Robert is author or coauthor of over 110 publications, primarily in the area of DNA chemistry. In particular, he and his coworkers have studied the ways in which environmental chemicals can damage our hereditary material, causing changes that can lead to mutations and cancer. His research has been supported by numerous grants from the National Institutes of Health, Department of Energy, National Science Foundation and other organizations.
 
He earned a BS in chemistry, summa cum laude (1956) from the City College of New York. He earned a MA degree in organic chemistry from from Harvard (1957), and a PhD degree in organic chemistry from Harvard, under the supervision of Nobel Laureate R.B. Woodward (1959), postdoctoral training in DNA chemistry at Cambridge with Nobel Laureate Lord Todd (1959–1960). After an additional year of postdoctoral study at the NYU Medical School, he joined the NYU Chemistry Department in 1961. He has held a Career Development Award from the National Institutes of Health and has been awarded (with physicist Paul Davies) the Trotter Prize in Complexity, Information and Inference for 2004.
 
In addition to his research, Robert has written four books and several magazine articles for the general public.
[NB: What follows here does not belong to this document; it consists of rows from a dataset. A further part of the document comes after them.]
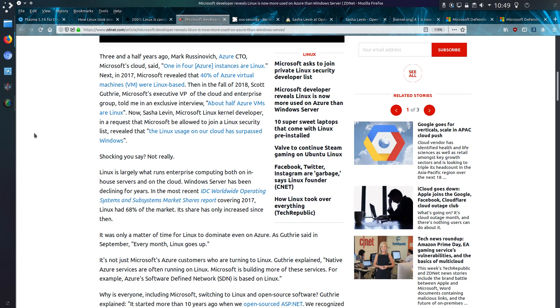Shocking you say? Well not really. Linux is largely what runs the enterprise computing both in-house servers and on the cloud. Windows server has been declining for years and in 2017 there was a statistic that put it about 68% for Linux share of the market. Linux is doing very well everywhere except the desktop.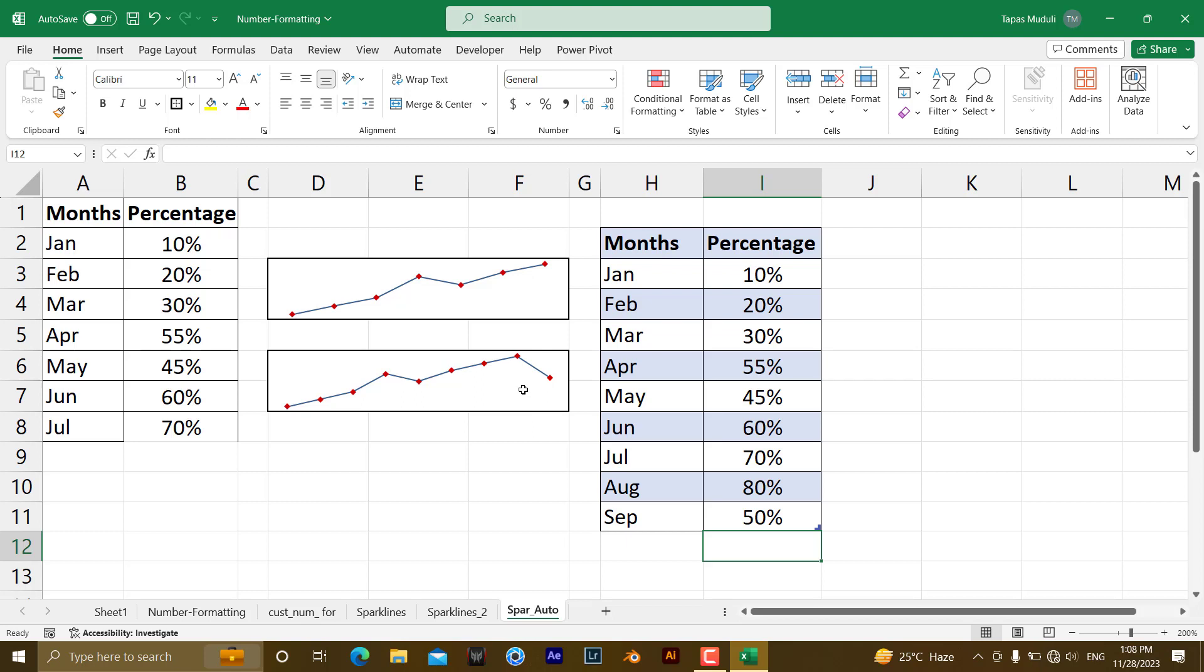So automatically the data, automatically the graphical representation is updated on the basis of new data. So that is the way you need to convert your total data into a table, so that it is connected with the sparklines, or any sparklines. So that if any new data has been added to that table, automatically the sparklines will be updated.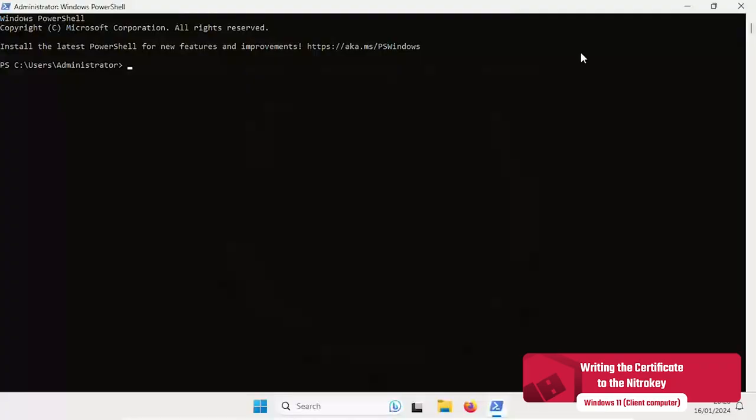The certificate file from step 3 is written to the key slot 9A. This is the same key slot in which the private key was generated.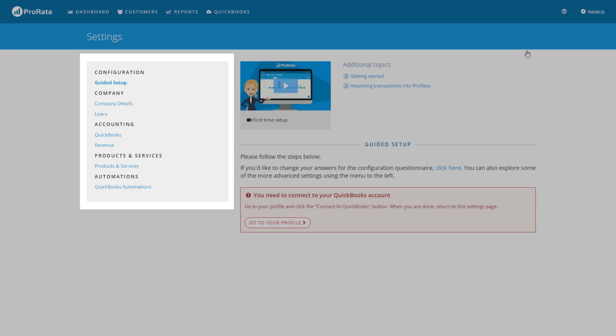On the left-hand side in the gray area you will see links to the different configuration areas within the application.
The books include: Planetary Dreams: The Quest to Discover Life Beyond Earth, Life beyond Earth : the intelligent earthling’s guide to life in the universe (coauthored with Gerald Feinberg), Origins: A Skeptic’s Guide to the Creation of Life on Earth, The Human Blueprint: The Race to Unlock the Secrets of Our Genetic Script.
 
He authored A new rationale for returning to the Moon? Protecting civilization with a sanctuary and Small Molecule Interactions Were Central to the Origin of Life, and coauthored An Alliance to Rescue Civilization, Structural and thermodynamic features of spiroiminodihydantoin damaged DNA duplexes, Molecular Dynamics of a Food Carcinogen-DNA Adduct in a Replicative DNA Polymerase Suggest Hindered Nucleotide Incorporation and Extension, and Spiroiminodihydantoin Lesions Derived from Guanine Oxidation: Structures, Energetics, and Functional Implications.
 
Robert says “Obviously, I have developed a taste for very large scientific topics.” When he is not involved in research, lecturing or writing, he enjoys running, hiking, wine-tastings, raquetball, and travel. He is married to Sandra, a clinical psychologist practicing in New York. Their son, Michael, composes music for films.